Mateusz Borek od dawna śledzi nie tylko czołowe gale MMA czy boksu! Już na początku fenomenu freak-fightów zdarzyło mu się pojawiać na galach organizacji FAME MMA. Nikogo nie powinno dziwić, że był na bieżąco z wydarzeniami z gali High League 4, na której Artur Szpilka mierzył się z Denisem "Bad Boyem" Załęckim. Pojedynek skomentował na antenie Kanału Sportowego po pytaniu jednego z kibiców. Wprost przyznał, że pojedynek oglądał z odtworzenia.
Mateusz Borek o walce Szpilka - Załęcki: Artur był wściekły!
Popularny komentator nie ukrywał, że tego pojedynku w zasadzie... nie było! - Stary, ciężko rozmawiać o walce, której nie było. Tak naprawdę kompletnie nie akceptuję takiej sytuacji z punktu widzenia promotora i kibica. Otwarcie zawodnik mówi, że jest kontuzjowany. Wychodzisz do walki, bo chcesz zarobić pieniądze - mówi wprost Mateusz Borek, który organizuje gale MB Boxing Night.
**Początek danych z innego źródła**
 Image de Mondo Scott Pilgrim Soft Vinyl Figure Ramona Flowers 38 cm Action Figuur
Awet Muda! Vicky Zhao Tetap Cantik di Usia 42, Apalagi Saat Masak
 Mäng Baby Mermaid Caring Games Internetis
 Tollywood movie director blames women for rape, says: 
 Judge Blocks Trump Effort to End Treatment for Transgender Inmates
Dziennikarz dodał, że szybko zadzwonił do Artura Szpilki, który był wściekły po tym, co się wydarzyło. - Obejrzałem tę walkę z odtworzenia z 45 minut po jej odbyciu, bo byłem na gali TYMEX-u w Radomsku, gdzie walczył Robert Parzęczewski. Natychmiast zdzwoniłem się z Arturem i był wściekły. Twierdzi, że w walkę wszedł średnio, ale jego zdaniem to była kwestia kilkudziesięciu sekund. Widział rywala, który po kilkunastu sekundach był wypompowany - dodał.
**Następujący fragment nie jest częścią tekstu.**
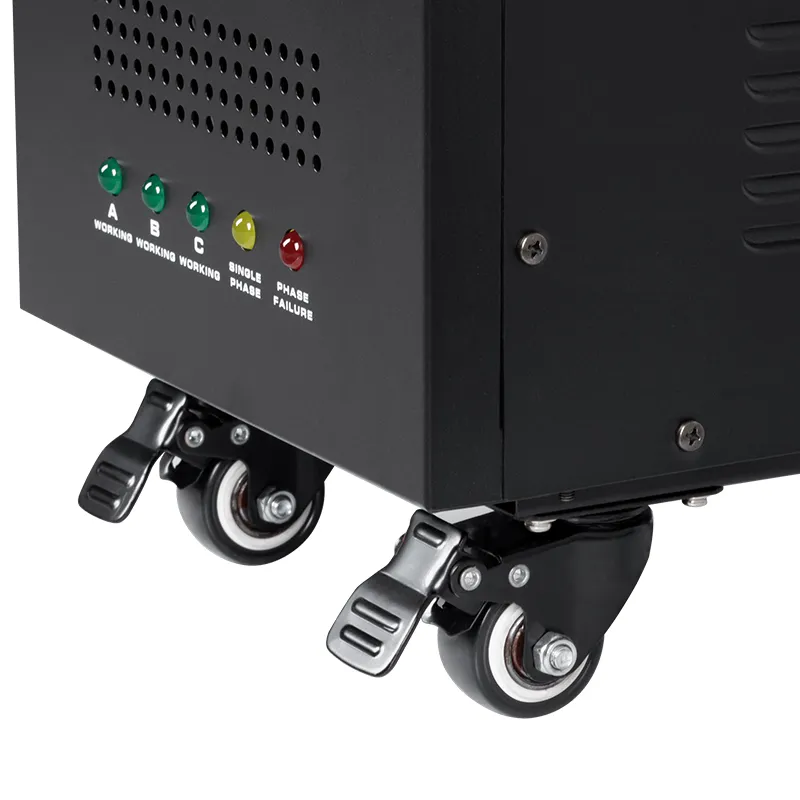 Stabilizator Servomotor Trifazat Proavr-10K 10KVA Kemot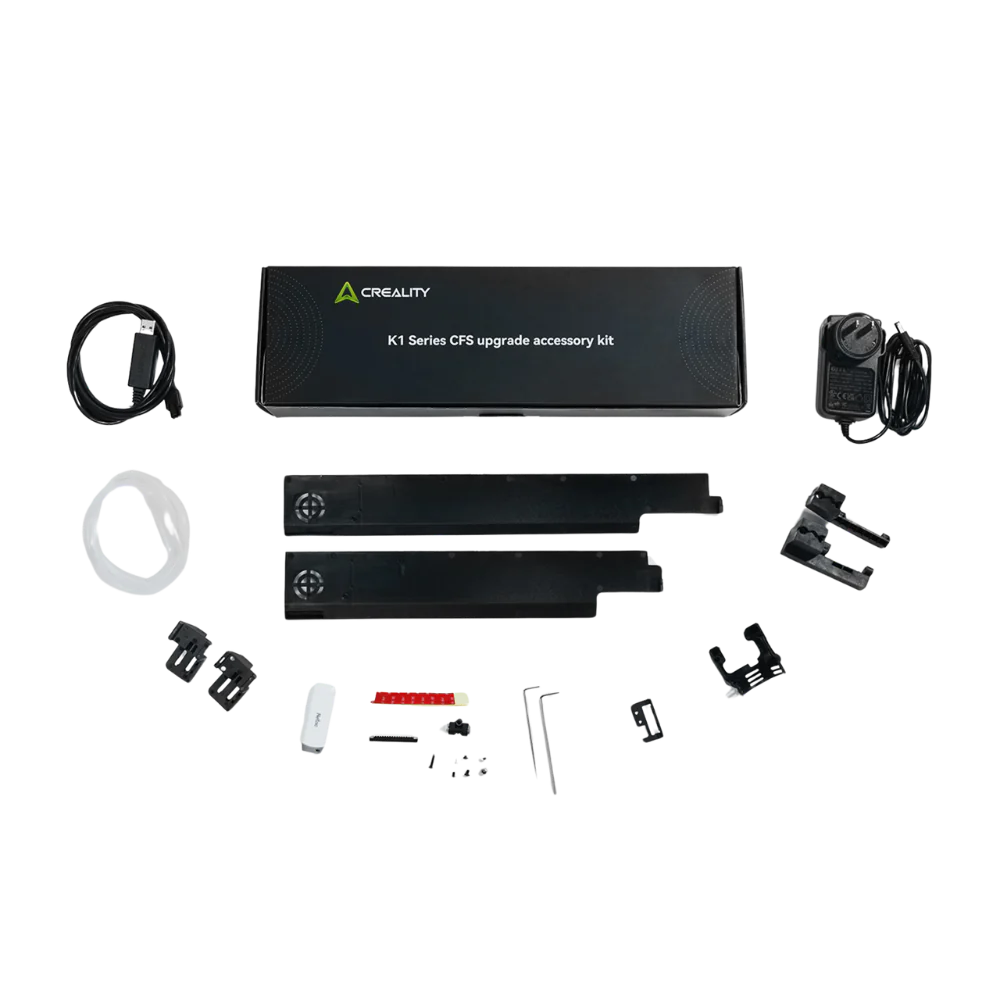 K1 Series CFS Upgrade Kit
Borek o zarobkach we freakach i organizacjach sportowych
Mateusz Borek został zapytany przez Michała Pola o to, ile zarabiają zawodnicy freak-fightowych organizacji. - W Polsce porównywalne pieniądze w stosunku do freaków potrafi płacić tylko KSW. Ale mówimy o górnej części karty, czyli 3, 4 ostatnie walki - powiedział na antenie Kanału Sportowego.